The film is based on the graphic novel Sandcastle by Pierre-Oscar Lévy and Frederick Peeters, but Shyamalan has sole writing and directing credit. The filmmaker takes the simple concept to some truly dark places, and even explores some body horror beyond the natural terror of the aging process being exponentially sped up. This isn’t just about people losing their hearing or their eyesight over the course of a single day–although that happens too–as it explores down multiple unexpected dark paths.
Actors including Gael García Bernal, Vicky Krieps, Alex Wolff, Abbey Lee, Ken Leung, Eliza Scanlen, and many others do a fantastic job capturing these characters at different points in their “lives.” The makeup and effects used to age the adult actors is good enough that it’s only occasionally distracting.
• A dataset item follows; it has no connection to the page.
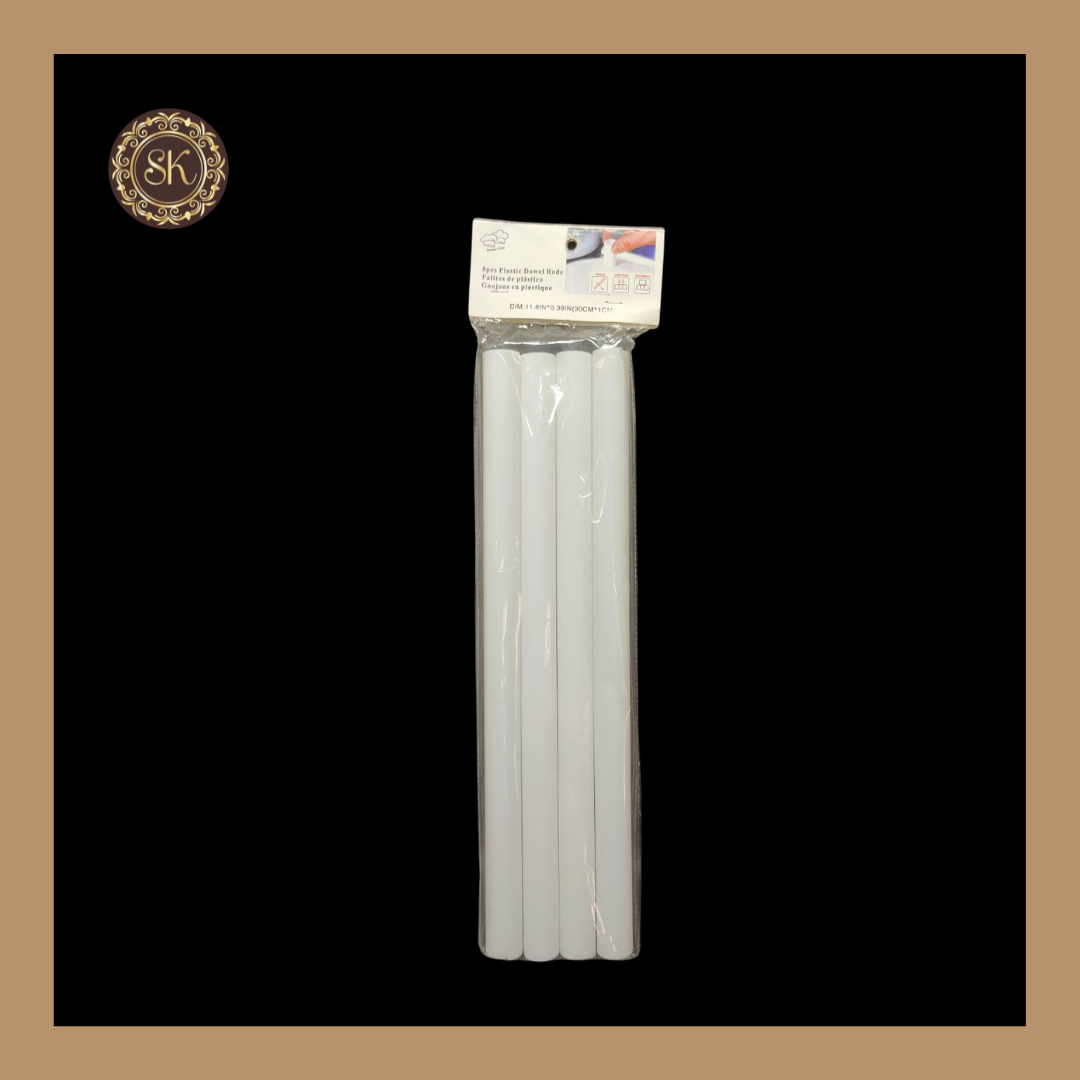 Plastic dowel rod | Dowel rod Tiered Cake Support | 4pcs – Sweetkraft ...
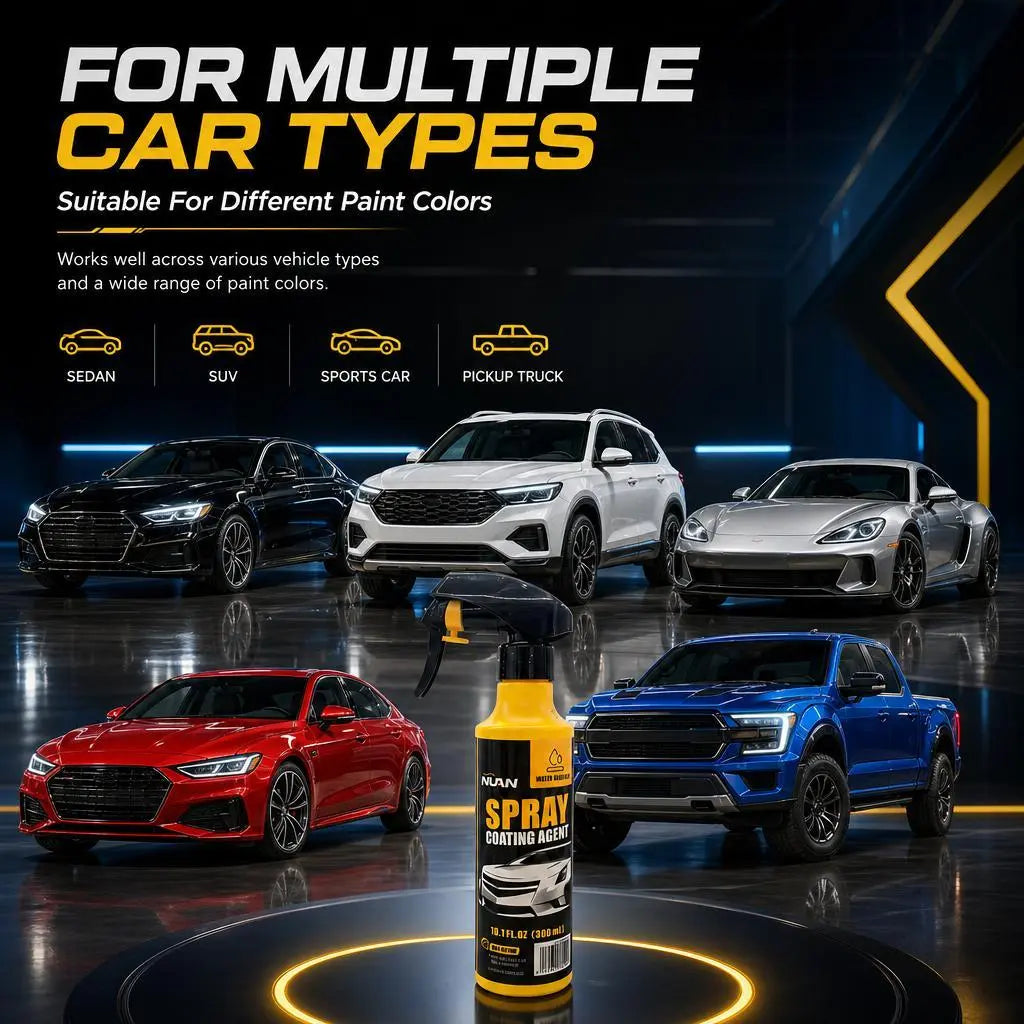 Alonovas Nano Car Coating Spray — Offers both scratch and UV protection; requires no polishing and is suitable for all vehicle types.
The script itself is unfortunately full of dialogue that’s far too cute–even before the shenanigans begin, lines about living in the moment, appreciating the time you have, and aging in general abound. But the characters attempt to deal with the situation in logical ways, particularly early on, before things really start to fall apart–which is more than you can say for many gimmicky thrillers.
Where Old really starts to grate beyond mere distraction is in its cinematography. The beach itself is gorgeous, and even appropriately alien-seeming, surrounded on all sides by massive cliffs of an unknown mineral. But Shyamalan’s strange directing is often so befuddling that anything else is difficult to appreciate. There’s frequent and seemingly random use of shaky-cam style filming, with the camera zooming and twirling around the beach, to dizzying and incongruous effect. The movie is filled with cinematic flourishes like long shots and random panning that feel artistic in intent, but miss the mark in practice.
And of course, there’s the ol’ Shyamalan twist, which audiences long ago learned to expect from the director. Not all your questions about the beach will be answered, but the script does a decent enough job wrapping everything up in the end, even if the resolution isn’t exactly hard to see coming. Shyamalan often struggles to find the balance between leaving a trail of clues for his twists that reward multiple viewings and outright telegraphing them in all too obvious ways, and that struggle is evident here as well.
Nevertheless, Old is an effective thriller that fully delivers on its premise, exploring the idea of aging an entire lifetime in a single day in all the ways you’d want it to. The small horrors of getting old, normally stretched out over decades, prove terrifying indeed when condensed into a short couple of hours. Old’s talented cast deliver impressive performances as they play the same characters at different points in their extremely short lives, and despite some directing and script annoyances, the movie leans further toward the good end of the spectrum of Shyamalan’s films than the bad.